> [Work request]
Omit every picture and return the rest of the data unaltered.

> [Information supplied]
----------------------------------------
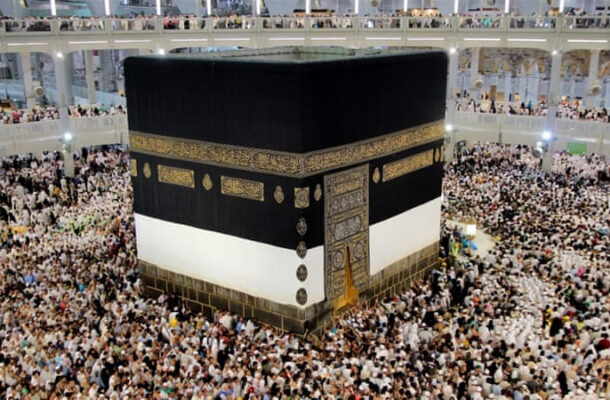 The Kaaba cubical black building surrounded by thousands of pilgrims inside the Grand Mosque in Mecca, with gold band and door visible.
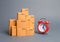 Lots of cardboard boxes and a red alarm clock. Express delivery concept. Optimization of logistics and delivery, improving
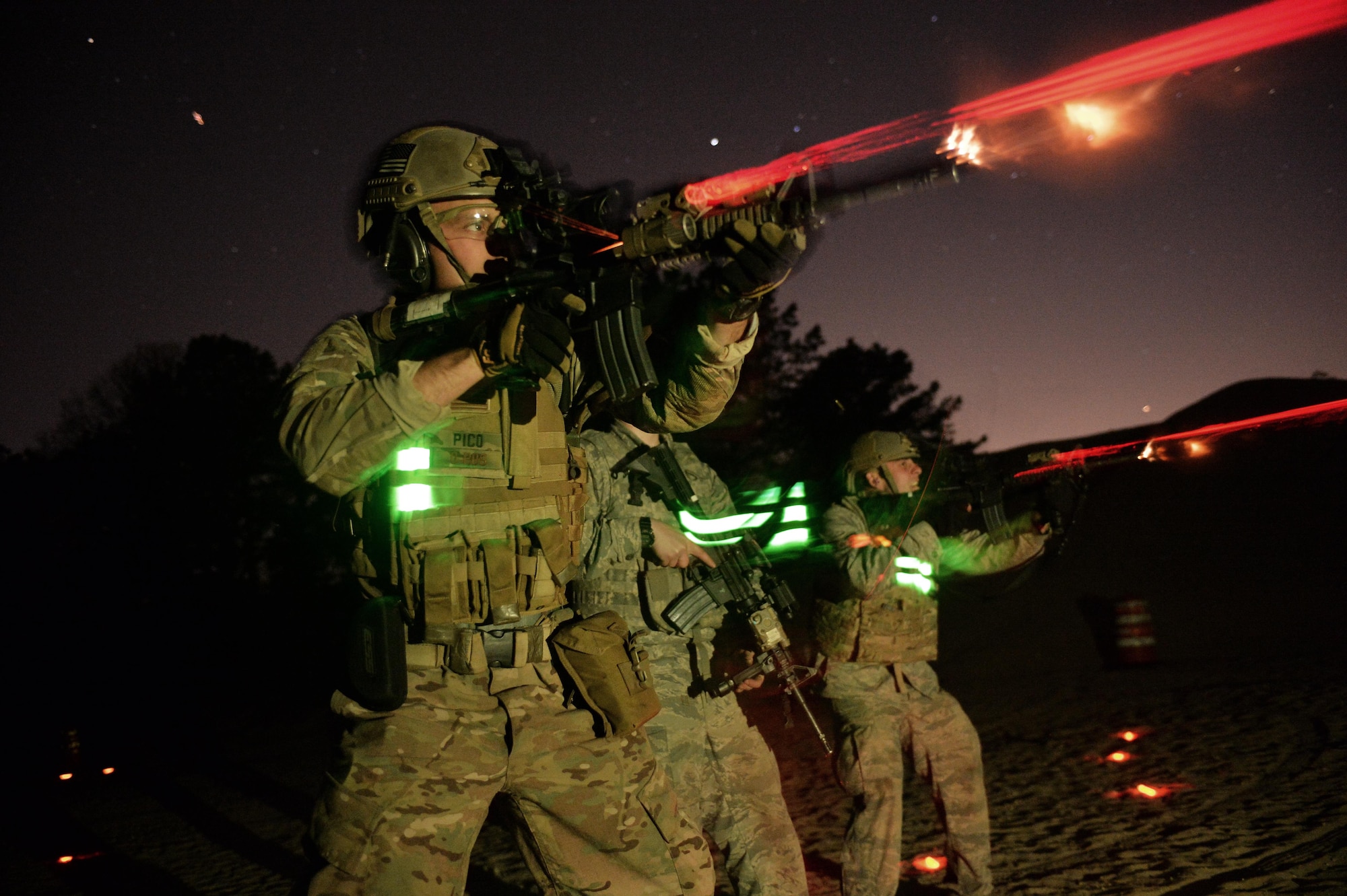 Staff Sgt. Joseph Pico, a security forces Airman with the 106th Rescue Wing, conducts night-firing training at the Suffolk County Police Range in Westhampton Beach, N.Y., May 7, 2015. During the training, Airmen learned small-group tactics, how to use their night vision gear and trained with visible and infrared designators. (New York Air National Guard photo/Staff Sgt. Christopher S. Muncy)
----------------------------------------
> [Solution for this problem]
 The Kaaba cubical black building surrounded by thousands of pilgrims inside the Grand Mosque in Mecca, with gold band and door visible.
 Lots of cardboard boxes and a red alarm clock. Express delivery concept. Optimization of logistics and delivery, improving
 Staff Sgt. Joseph Pico, a security forces Airman with the 106th Rescue Wing, conducts night-firing training at the Suffolk County Police Range in Westhampton Beach, N.Y., May 7, 2015. During the training, Airmen learned small-group tactics, how to use their night vision gear and trained with visible and infrared designators. (New York Air National Guard photo/Staff Sgt. Christopher S. Muncy)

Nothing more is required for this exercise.